What's more, he isn't sure the recent gains in industrial output are much more than companies restocking depleted inventories.
"We're not seeing sustained demand, which is what we're going to need to sustain this recovery," Lehner says. "Business investment (in new buildings) is still very weak."
Scrap supplies down
Less construction also means less demolition, which is a key source for scrap metal that feeds the steel mill.

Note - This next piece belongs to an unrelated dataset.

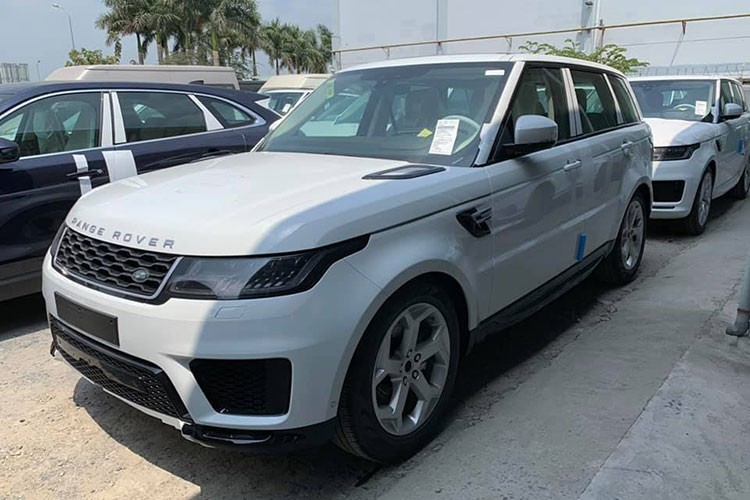 Mẫu  xe Range Rover Sport 2019 đã chính thức trình làng từ hồi tháng 7 năm ngoái. Mãi đến nay, dòng SUV hạng sang này mới được đưa về Việt Nam. Tuy nhiên, nếu muốn sở hữu Range Rover Sport 2019 chính hãng, khách hàng sẽ không được nhận xe ngay mà phải đặt mua và chờ đợi.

It's a big reversal from the good times. And foreign competition is being felt. After the 1997 Asian financial crisis, South Korea and other countries started selling more steel in the U.S. market, says Bloch President Joel Richards. It hurts a lot more now that Washington is in a recession. "Our economy was so strong that even with them dumping it didn't really affect us until last year," Richards says.
So businesses are surviving by cutting costs and finding market niches.
Bloch Steel has installed computerized cutting tables that can trim huge sheets of metal as much as 12 inches thick into jigsaw pieces. Typically, these custom cuts are used as base plates and connectors on everything from plumbing and ventilation systems to huge structural beams that hold up buildings.
Today, artists and wealthy folks come to Bloch for custom-cut steel for art projects or their homes. They haul it away in Range Rovers.
"We accept small orders," says Bloch.